* TO DO *
Check every line of the data below for the string "view", and copy the ones that hold it.

↓

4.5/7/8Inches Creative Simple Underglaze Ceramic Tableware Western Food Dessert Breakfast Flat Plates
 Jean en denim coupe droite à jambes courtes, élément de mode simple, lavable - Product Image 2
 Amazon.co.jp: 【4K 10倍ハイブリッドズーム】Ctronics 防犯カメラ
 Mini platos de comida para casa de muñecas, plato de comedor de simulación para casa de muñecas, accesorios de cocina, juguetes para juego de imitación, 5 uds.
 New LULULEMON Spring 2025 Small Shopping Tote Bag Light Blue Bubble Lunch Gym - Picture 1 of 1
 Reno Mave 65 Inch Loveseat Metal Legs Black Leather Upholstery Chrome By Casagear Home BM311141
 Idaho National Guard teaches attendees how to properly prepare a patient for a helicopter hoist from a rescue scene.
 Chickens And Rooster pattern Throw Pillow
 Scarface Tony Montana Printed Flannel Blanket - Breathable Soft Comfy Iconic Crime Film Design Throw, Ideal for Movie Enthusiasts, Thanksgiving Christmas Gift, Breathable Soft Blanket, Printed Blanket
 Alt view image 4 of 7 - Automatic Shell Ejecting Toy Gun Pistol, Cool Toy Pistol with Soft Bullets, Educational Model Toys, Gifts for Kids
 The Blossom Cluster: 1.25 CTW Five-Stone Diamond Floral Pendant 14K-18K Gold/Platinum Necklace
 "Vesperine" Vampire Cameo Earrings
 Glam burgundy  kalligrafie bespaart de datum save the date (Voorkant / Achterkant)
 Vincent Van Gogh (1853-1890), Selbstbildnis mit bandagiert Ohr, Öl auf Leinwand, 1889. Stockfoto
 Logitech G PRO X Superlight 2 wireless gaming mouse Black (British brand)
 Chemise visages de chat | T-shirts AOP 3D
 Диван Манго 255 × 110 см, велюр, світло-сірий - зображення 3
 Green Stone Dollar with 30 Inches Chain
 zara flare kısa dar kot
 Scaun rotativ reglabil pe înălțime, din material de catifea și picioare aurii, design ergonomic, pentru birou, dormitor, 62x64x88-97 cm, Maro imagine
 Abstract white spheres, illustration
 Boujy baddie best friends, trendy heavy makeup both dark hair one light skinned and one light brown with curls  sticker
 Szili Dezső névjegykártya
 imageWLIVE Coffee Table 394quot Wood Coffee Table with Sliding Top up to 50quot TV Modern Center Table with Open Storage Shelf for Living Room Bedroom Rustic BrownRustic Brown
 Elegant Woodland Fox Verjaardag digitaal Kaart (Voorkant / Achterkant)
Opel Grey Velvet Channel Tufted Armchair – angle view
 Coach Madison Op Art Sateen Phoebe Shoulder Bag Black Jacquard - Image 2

↑

* OUTPUT *
 Alt view image 4 of 7 - Automatic Shell Ejecting Toy Gun Pistol, Cool Toy Pistol with Soft Bullets, Educational Model Toys, Gifts for Kids
Opel Grey Velvet Channel Tufted Armchair – angle view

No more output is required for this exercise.